Stored data entries:
----------------------------------------
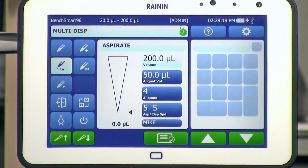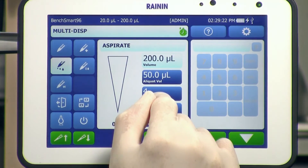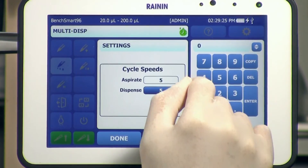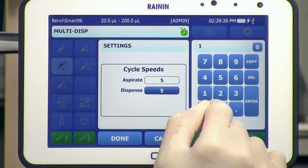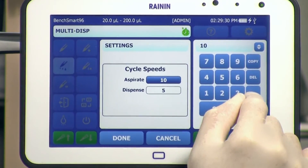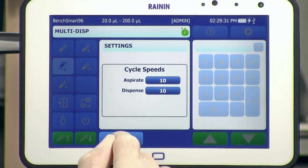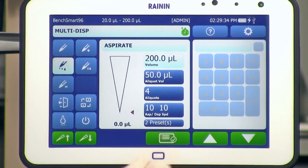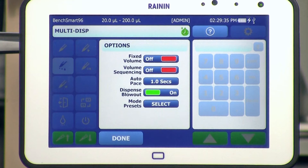Mode Presets. To add a mode preset, first enter all of the parameters you want for a specific procedure: the pipetting mode, the aspiration and aliquot volumes, the cycle speeds, etc. When you're done, tap the Menu icon at the bottom of the screen. At the bottom of the list of options, next to Mode Presets, tap Select.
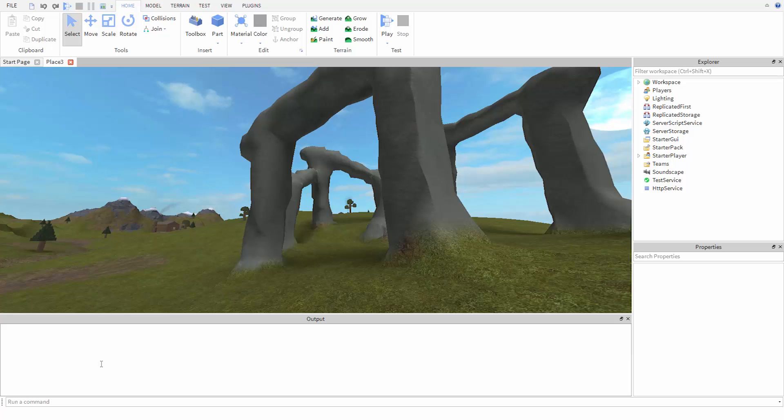You'll often find that you need to do math while scripting, and Lua supports all the basic mathematical operations. For example, let's try to print out 7 plus 5. You can see in the output that it prints out 12. We can also do subtraction, division, multiplication, the sort of things you would expect.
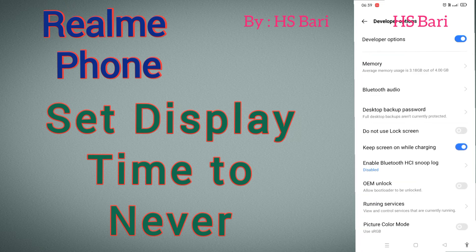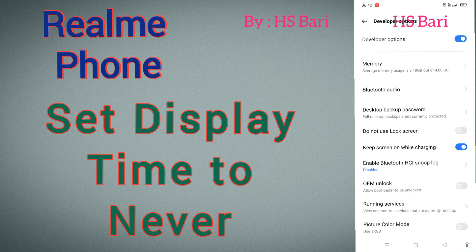Open Developer Option and here you can see the 'Keep screen on while charging' option — just enable this option. After that, your device will never go into sleeping mode. If this video was helpful, don't forget to subscribe to my channel. Thanks for watching, bye bye.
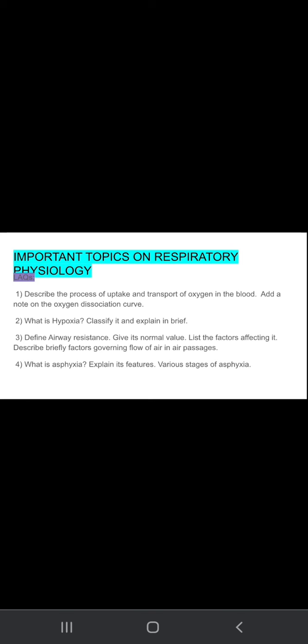You need to tell the definition of hypoxia, then classify the hypoxia and explain about it. Third question is define airway resistance. Give its normal value. List the factors affecting it.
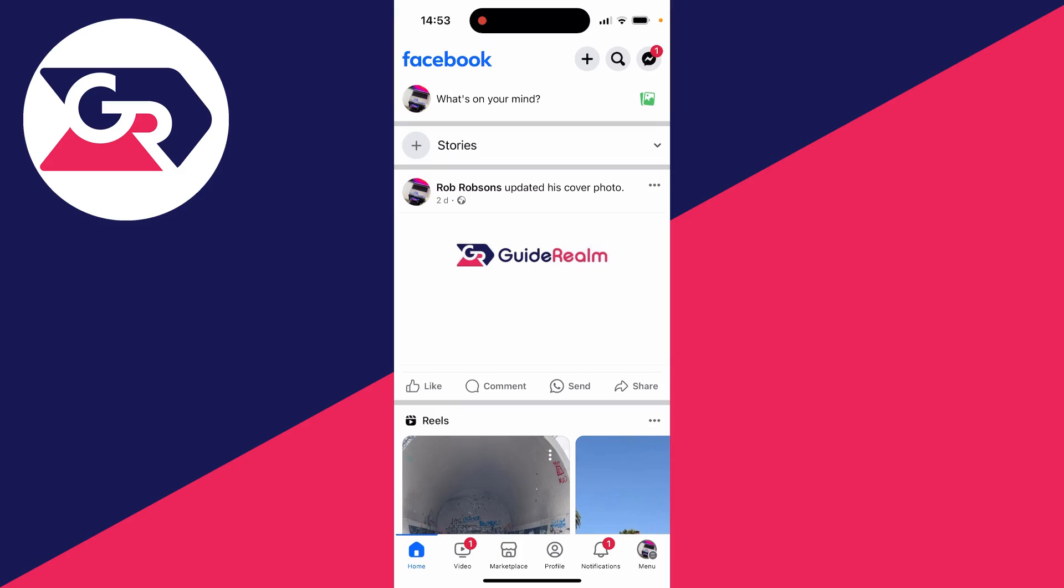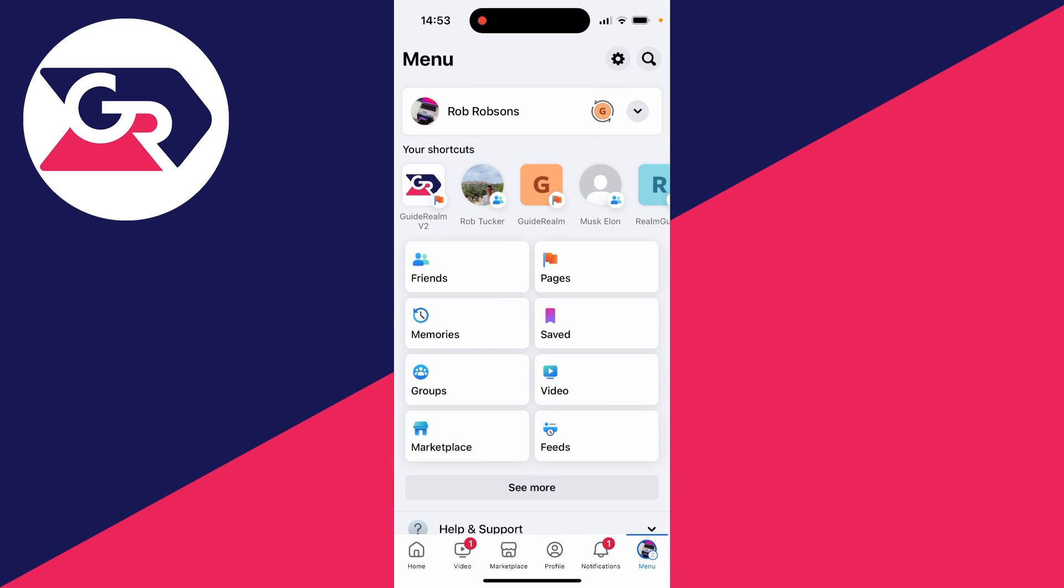First of all we need to head to our Facebook settings. To get there first of all we'll need to get to the menu page that will either be in the bottom right or the top right like so.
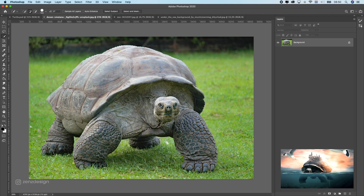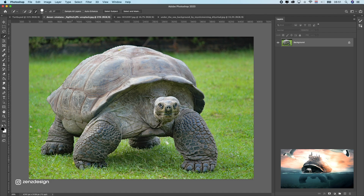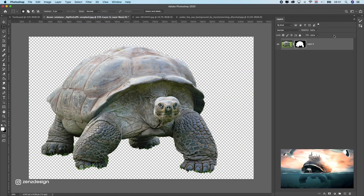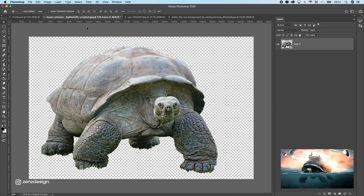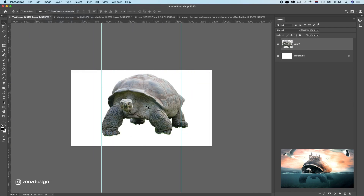The speed of this video is four times faster than the original speed, so if you want to recreate this whole composition in Photoshop, you can go to the settings of the video and change it to 0.25. You can find all the images and brushes I used in the description of the video. Just change the speed and follow along. Anyway, enjoy.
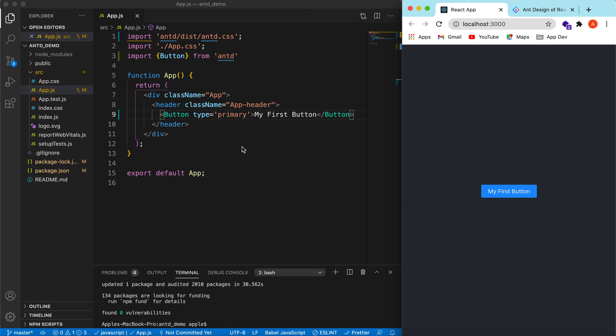So till now we are done with integration of the antd library and we have started exploring its different components. In the next video we will explore the button component more, so stay tuned. Thank you for watching this video and see you in the next video.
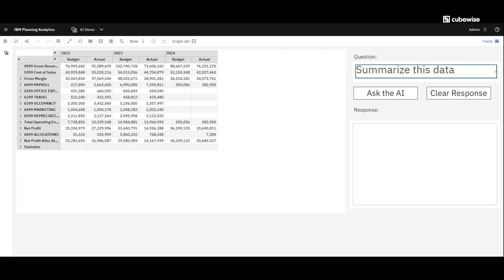What I have right here is I'm in Planning Analytics Workspace. I'm in a little bit of a demo model here, so there's not a lot of data. But I've got a little P&L for 2022, 2023, and 2024. And what I've done is I've built this little interface where I can start asking questions and pass both the question as well as the data from my financial planning and analysis system into WatsonX.ai, run it against an LLM, and get some data back from the AI.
----------------------------------------
TO DO:
Each record above goes into the copy word for word; the pictures do not.

EXERCISE OUTPUT:
Mode Presets. To add a mode preset, first enter all of the parameters you want for a specific procedure: the pipetting mode, the aspiration and aliquot volumes, the cycle speeds, etc. When you're done, tap the Menu icon at the bottom of the screen. At the bottom of the list of options, next to Mode Presets, tap Select.
You'll often find that you need to do math while scripting, and Lua supports all the basic mathematical operations. For example, let's try to print out 7 plus 5. You can see in the output that it prints out 12. We can also do subtraction, division, multiplication, the sort of things you would expect.
Open Developer Option and here you can see the 'Keep screen on while charging' option — just enable this option. After that, your device will never go into sleeping mode. If this video was helpful, don't forget to subscribe to my channel. Thanks for watching, bye bye.
You need to tell the definition of hypoxia, then classify the hypoxia and explain about it. Third question is define airway resistance. Give its normal value. List the factors affecting it.
First of all we need to head to our Facebook settings. To get there first of all we'll need to get to the menu page that will either be in the bottom right or the top right like so.
The speed of this video is four times faster than the original speed, so if you want to recreate this whole composition in Photoshop, you can go to the settings of the video and change it to 0.25. You can find all the images and brushes I used in the description of the video. Just change the speed and follow along. Anyway, enjoy.
So till now we are done with integration of the antd library and we have started exploring its different components. In the next video we will explore the button component more, so stay tuned. Thank you for watching this video and see you in the next video.
What I have right here is I'm in Planning Analytics Workspace. I'm in a little bit of a demo model here, so there's not a lot of data. But I've got a little P&L for 2022, 2023, and 2024. And what I've done is I've built this little interface where I can start asking questions and pass both the question as well as the data from my financial planning and analysis system into WatsonX.ai, run it against an LLM, and get some data back from the AI.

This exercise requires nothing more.